ってな感じなんだけど、「unknown」を設定するなんてどっから出てきたんだ？

な状態なんですよね...

で、データサイエンス用のサンプルデータとかを提供してる「kaggle」を見てみたら、

www.kaggle.com

Replacing missing values is a common operation. Pandas provides a really handy method for this problem: fillna(). fillna() provides a few different strategies for mitigating such data. For example, we can simply replace each NaN with an "Unknown":

https://www.kaggle.com/residentmario/data-types-and-missing-values

The replace() method is worth mentioning here because it's handy for replacing missing data which is given some kind of sentinel value in the dataset: things like "Unknown", "Undisclosed", "Invalid", and so on.

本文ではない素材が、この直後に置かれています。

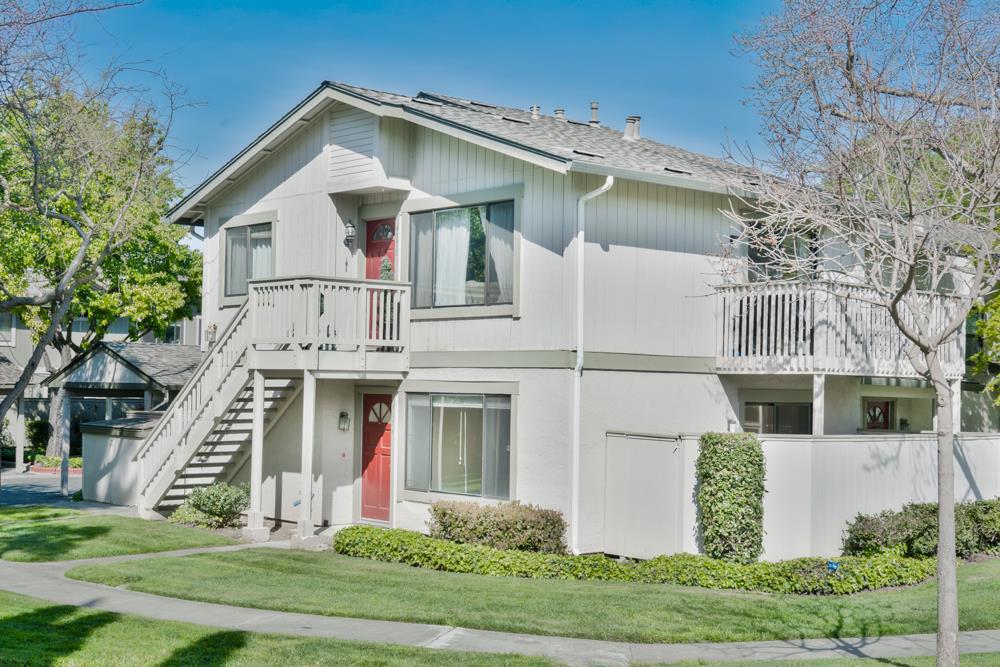 4974 Flat Rock Circle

https://www.kaggle.com/residentmario/data-types-and-missing-values

⇧ ってな感じで、よく分からんのだけど、「sentinl value」のような値であれば良いそうな。

「sentinel value」って？

In computer programming, a sentinel value (also referred to as a flag value, trip value, rogue value, signal value, or dummy data) is a special value in the context of an algorithm which uses its presence as a condition of termination, typically in a loop or recursive algorithm.